Page MenuHomePhabricator

file_sha1 must be given in lowercase
Open, Needs TriagePublic

Description

I was creating a filter to prevent some images from being re-uploaded, but the filter didn't work because I used SHA1 hashes with uppercase letters. Would it be possible to make edit filters work with uppercase SHA1 hashes?

Filter in question : https://commons.wikimedia.org/wiki/Special:AbuseFilter/206

Event Timeline

contains_any is case-sensitive. For case in-sensitive matching you can ucase or lcase before matching.

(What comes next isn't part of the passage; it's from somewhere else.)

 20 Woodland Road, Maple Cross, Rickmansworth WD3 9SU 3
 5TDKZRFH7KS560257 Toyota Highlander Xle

I'm not sure that we should change the case of the returned hash: while your filter would start working, many other could potentially stop. Anyway, this isn't something strictly caused by AbuseFilter: we compute the sha1 in this single line, by taking it from UploadBase and then converting it to hex, with no further changes. Right now I can't determine which function is capitalizing it, but we should probably consider changing either UploadBase or base_convert.
Summing up, I think that the best solution would just be to explicitly state on MWwiki that sha1 is uppercase, and change this filter accordingly. Specifically, a

file_sha1 irlike "xxx|yyy|..."

should do the trick. I'm not closing this bug in case someone has a better idea.

I think that no assumption should be made about the case of file_sha1, as it is subject to change without notice. Also, in the context of a hexadecimal string, "a" and "A" have exactly the same significance.

I could additionally suggest:

lcase(file_sha1) == 'a94a8fe5ccb19ba61c4c0873d391e987982fbbd3'

or (maybe uppercase is more common/conventional):

ucase(file_sha1) == 'A94A8FE5CCB19BA61C4C0873D391E987982FBBD3'

On a related note, IPv6 addresses are subject to the same considerations.